La Russia è ora sfidata dall’atlantismo agonizzante simmetricamente

dal punto di vista della geopolitica eurasiatica, opponendo globalismo e multipolarità
e il liberalismo con valori alternativi e tradizionali di civiltà; al posto delle persone LGBT, la famiglia tradizionale (scritta nella Costituzione); al posto dell’individualismo – la nazione e la sua identità storica, ecc.

La Cina in generale sostiene questo approccio di Mosca. Pechino si oppone anche al globalismo e all’egemonia occidentale e difende i suoi valori tradizionali, stavolta cinesi.
Tutto ciò si vede chiaramente nelle tesi dell’ultimo incontro di Putin con Xi Jianping:

Mosca e Pechino intendono opporsi a qualsiasi attacco alla loro sovranità (leggi: combattere fino in fondo l’egemonia e il globalismo);
Russia e Cina hanno tenuto conto della creazione di blocchi anticinesi da parte di Biden e dell’attivazione della NATO nell’Europa orientale e intendono opporvisi (insieme!);
i leader dei due paesi hanno indirettamente accusato gli Stati Uniti di terrorismo biologico (la minaccia si chiama «attività militari-biologiche degli Stati Uniti»); ciò significa, infatti, ammettere che è stato l’Occidente (Stati Uniti e Gran Bretagna) a scatenare il covid-19 sul mondo;
Pechino sostiene Mosca nell’Europa orientale, e Mosca Pechino nell’Oceano Indiano e Pacifico, e Putin ha esplicitamente proclamato «Taiwan è tua» (Xi Jinping borbottò tra sé, «In questo caso, l’Ucraina è tua»);
entrambi i paesi maledicono la Lega delle democrazie (l’unipolarità) e promettono di preservare il modello policentrico dell’ordine mondiale (questo va inteso come una dichiarazione di fedeltà ai principi della pace di Yalta e dell’ONU).

Il blocco russo-cinese – eurasiatico! – ha avuto luogo.

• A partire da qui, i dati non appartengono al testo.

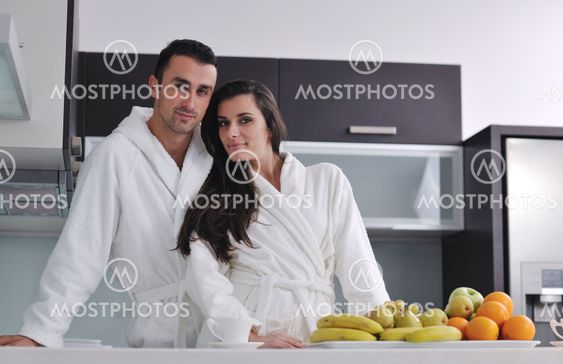 young couple have fun in modern kitchen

Tutti gli altri paesi devono prendere una decisione — con chi stare:

con il crollo dell’egemonia americana aggressiva e completamente folle,
o con quel blocco di paesi (tra cui Russia, Cina, Iran, Pakistan, Bielorussia, Corea del Nord, Venezuela, Cuba, Nicaragua, Siria, Mali, Repubblica Centrafricana, Burkina Faso, Guinea, e in parte Turchia, Argentina e Brasile), che vi si oppone in nome della salvaguardia della sovranità statale e dell’identità di civiltà?

Il futuro è sicuramente dalla parte della multipolarità, quindi dell’Eurasia. I liberali sono stati delusi dai propri successi, che non hanno potuto consolidare e mantenere dopo la caduta dell’URSS. L’ultimo tentativo di costruire un impero mondiale è fallito. Il Nuovo Mondo è iniziato.